My husband admires Craig Johnson’s series featuring Wyoming Sheriff Walt Longmire. He’s read many passages from the first five books to me and inspired me to read Cold Dish, the first in Johnson’s series. I too am a fan. Johnson builds characters of substance and complexity. They accept challenges, accept Fate’s blows, and endure. They are men and women who dared the vast Western unknown 100 years ago; they are also descendants of that vast, rugged West. For our purposes today and in subsequent posts, they are iconic characters that will allow us to review archetypal figures.
Sheriff Walt Longmire, the protagonist and central figure of each book in Johnson’s series, is the maverick. He may be just one of several staff members serving Absaroka County through the sheriff’s department, but he is the lead man. He is the elected sheriff, suggesting that Absaroka County’s citizens trust him. Longmire occasionally observes that some action he’s about to undertake may cost him the next election, but he’s never deterred. He trusts his own gut more. He believes in his own cause--justice--more.
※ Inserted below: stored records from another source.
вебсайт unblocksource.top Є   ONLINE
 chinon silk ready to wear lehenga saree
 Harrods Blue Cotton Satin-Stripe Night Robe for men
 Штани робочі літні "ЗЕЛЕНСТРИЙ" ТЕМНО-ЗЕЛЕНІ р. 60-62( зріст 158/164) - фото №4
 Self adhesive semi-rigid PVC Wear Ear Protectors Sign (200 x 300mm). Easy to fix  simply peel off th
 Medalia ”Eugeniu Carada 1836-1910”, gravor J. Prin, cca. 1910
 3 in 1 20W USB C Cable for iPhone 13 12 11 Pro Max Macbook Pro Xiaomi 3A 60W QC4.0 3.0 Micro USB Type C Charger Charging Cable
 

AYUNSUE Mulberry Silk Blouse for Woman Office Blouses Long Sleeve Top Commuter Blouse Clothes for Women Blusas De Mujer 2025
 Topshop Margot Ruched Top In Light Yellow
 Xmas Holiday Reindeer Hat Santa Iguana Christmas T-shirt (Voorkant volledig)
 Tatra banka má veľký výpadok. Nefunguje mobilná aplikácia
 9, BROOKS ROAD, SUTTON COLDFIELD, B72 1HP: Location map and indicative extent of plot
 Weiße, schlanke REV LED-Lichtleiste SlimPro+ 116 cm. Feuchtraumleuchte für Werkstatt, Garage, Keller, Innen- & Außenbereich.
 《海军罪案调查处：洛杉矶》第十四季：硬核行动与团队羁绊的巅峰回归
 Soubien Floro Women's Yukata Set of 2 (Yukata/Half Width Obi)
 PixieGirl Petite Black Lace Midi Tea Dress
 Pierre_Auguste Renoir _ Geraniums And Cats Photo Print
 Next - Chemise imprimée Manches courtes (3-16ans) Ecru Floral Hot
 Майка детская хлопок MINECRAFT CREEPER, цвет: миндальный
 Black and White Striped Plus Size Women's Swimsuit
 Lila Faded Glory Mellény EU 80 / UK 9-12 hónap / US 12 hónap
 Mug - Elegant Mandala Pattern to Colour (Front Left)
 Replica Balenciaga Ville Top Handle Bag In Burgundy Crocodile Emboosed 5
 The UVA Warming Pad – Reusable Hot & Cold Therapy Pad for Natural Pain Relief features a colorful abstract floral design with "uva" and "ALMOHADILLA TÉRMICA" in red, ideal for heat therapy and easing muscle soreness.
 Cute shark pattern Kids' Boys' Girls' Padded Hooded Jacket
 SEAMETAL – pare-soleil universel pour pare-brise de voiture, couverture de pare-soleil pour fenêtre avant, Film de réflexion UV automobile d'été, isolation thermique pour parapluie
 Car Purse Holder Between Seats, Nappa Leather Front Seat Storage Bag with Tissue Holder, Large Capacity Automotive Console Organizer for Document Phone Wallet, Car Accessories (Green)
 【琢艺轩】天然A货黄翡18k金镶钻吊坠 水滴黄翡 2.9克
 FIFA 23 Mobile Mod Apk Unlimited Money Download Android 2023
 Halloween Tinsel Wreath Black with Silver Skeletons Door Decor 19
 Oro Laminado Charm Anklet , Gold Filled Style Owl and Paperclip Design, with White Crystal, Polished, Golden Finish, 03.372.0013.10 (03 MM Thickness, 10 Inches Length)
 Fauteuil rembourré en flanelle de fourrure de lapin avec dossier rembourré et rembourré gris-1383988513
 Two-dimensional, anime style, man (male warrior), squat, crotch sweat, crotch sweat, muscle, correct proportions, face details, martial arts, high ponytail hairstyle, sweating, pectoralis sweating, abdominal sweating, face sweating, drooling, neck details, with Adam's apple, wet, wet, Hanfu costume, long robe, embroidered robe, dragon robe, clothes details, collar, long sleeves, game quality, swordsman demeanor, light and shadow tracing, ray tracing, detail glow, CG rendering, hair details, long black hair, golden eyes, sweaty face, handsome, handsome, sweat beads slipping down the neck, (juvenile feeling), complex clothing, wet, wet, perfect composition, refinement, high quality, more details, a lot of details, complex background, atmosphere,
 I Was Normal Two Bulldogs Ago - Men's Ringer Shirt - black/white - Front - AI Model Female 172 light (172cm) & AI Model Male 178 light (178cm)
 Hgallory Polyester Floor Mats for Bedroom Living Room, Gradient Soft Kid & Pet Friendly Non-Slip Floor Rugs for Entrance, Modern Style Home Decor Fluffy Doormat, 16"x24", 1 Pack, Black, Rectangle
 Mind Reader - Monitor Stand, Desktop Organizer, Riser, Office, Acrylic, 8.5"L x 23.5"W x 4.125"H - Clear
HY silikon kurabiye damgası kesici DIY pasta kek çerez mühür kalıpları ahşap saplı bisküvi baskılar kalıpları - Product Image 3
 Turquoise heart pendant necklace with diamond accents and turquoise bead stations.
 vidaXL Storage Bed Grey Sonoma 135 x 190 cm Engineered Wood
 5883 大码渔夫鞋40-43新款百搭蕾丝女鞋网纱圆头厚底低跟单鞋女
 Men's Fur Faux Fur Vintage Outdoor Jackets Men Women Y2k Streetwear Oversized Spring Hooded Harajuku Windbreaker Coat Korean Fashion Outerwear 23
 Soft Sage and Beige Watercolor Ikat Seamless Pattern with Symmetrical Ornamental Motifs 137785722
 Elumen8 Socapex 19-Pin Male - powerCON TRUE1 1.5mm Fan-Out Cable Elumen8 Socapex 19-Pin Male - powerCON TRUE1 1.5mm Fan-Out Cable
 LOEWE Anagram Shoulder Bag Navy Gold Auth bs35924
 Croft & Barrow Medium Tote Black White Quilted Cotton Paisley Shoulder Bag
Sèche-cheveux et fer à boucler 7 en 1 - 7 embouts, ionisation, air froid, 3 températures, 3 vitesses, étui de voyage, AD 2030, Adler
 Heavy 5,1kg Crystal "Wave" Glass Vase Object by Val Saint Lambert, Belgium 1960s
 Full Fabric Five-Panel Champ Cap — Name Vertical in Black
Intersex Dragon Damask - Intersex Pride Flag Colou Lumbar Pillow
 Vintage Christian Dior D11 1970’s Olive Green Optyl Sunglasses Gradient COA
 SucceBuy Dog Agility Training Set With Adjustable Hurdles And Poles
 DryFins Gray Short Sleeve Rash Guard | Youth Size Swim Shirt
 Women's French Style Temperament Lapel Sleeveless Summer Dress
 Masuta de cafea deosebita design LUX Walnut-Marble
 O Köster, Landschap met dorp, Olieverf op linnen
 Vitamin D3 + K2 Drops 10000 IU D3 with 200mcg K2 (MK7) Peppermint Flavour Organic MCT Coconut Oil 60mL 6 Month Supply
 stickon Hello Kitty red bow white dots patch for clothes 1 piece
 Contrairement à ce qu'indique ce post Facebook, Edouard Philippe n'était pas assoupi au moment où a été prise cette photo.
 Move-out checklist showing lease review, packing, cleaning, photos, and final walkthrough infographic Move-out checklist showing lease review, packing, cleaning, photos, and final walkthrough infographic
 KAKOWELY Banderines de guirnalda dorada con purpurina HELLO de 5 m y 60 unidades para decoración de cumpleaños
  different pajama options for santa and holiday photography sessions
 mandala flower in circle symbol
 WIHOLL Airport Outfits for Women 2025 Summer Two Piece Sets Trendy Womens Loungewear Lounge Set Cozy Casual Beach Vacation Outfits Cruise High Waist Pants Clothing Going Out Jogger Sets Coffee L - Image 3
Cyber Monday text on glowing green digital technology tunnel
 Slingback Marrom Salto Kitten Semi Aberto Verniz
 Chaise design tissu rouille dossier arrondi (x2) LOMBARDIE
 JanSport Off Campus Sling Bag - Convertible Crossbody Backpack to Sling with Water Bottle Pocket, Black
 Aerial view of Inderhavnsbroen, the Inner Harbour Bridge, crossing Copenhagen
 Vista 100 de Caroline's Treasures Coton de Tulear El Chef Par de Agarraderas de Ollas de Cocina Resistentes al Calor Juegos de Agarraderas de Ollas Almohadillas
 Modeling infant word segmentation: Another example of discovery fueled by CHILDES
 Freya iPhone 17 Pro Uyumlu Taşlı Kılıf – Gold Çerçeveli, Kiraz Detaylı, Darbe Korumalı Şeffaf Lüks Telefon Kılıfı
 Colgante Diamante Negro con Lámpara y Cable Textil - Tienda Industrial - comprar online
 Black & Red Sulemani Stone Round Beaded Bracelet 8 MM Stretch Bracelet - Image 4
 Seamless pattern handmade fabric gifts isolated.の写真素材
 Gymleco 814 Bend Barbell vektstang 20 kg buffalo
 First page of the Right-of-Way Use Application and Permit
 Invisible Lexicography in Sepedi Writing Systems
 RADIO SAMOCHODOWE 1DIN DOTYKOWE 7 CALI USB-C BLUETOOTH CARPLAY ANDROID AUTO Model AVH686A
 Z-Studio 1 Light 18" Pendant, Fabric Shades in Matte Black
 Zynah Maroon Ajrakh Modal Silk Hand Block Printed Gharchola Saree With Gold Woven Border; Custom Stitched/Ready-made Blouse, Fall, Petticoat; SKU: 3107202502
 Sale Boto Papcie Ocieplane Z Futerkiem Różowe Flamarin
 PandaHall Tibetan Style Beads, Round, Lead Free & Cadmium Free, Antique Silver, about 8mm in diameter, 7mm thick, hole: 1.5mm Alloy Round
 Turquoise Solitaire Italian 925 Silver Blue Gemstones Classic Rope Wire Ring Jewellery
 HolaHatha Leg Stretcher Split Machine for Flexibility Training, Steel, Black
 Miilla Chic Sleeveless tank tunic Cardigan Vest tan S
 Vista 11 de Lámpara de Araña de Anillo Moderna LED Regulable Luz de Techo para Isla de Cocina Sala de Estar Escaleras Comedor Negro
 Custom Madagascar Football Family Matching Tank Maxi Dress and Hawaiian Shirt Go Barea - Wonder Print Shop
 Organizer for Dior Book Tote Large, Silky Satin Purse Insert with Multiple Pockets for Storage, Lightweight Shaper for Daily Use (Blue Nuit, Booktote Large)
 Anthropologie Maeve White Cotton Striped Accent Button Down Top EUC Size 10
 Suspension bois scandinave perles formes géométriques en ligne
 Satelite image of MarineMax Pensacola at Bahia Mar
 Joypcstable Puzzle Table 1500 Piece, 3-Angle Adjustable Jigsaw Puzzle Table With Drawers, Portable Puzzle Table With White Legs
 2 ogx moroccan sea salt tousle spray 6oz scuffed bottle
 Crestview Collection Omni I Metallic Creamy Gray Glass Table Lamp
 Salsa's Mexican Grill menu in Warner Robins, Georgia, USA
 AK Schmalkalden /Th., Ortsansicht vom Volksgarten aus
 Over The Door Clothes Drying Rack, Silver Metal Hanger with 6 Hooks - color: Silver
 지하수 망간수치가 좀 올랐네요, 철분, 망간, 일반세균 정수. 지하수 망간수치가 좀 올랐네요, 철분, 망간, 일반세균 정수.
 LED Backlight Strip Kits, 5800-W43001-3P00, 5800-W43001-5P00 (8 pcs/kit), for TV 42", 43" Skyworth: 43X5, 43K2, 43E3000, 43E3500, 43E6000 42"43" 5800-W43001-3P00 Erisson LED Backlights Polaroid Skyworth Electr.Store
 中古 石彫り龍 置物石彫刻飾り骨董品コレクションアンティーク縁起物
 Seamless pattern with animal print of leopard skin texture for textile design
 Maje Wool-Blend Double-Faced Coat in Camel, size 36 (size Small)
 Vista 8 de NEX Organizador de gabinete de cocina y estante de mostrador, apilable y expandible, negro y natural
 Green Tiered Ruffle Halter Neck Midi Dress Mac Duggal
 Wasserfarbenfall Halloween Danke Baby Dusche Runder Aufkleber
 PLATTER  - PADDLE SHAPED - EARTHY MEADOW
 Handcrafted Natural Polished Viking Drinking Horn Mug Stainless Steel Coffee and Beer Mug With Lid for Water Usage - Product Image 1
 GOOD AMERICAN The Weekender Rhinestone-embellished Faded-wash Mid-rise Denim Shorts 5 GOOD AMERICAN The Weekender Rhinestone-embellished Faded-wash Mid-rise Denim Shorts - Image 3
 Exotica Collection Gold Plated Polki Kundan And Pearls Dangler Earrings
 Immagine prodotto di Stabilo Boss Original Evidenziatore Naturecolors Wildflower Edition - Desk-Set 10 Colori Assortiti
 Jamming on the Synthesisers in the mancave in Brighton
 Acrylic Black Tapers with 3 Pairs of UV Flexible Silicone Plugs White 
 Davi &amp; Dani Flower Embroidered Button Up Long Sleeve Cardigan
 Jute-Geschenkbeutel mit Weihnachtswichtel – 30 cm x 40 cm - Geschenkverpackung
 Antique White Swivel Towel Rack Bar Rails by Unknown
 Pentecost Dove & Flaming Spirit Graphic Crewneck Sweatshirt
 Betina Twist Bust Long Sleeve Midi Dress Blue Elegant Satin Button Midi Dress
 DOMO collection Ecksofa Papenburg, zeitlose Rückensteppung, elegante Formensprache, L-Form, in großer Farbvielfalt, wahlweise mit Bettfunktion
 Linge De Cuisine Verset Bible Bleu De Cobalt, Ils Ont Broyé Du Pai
Sheriff Longmire also acts alone even though he could be part of the team. When called to a crime scene, he delegates duties, reserving for himself the one requiring the least human contact. He lets others mingle and interact with forensics teams, photographers, and witnesses while he goes it alone in wild Wyoming. He lets others make calls and wait for information. He’s prefers to work and even heal alone.
|A young maverick standing apart|
Photo by Al Griffin
When Longmire’s heart breaks, he descends into his own circle of hell where beer becomes his solace. Naturally, as a maverick, he retreats to mourn and perhaps heal although that outcome is never certain. A maverick may rise again to fight another day, or he may remain, an outcast who’s consigned himself to the fringes of human existence. Longmire rises again because his friend, Henry Standing Bear urges him to do so.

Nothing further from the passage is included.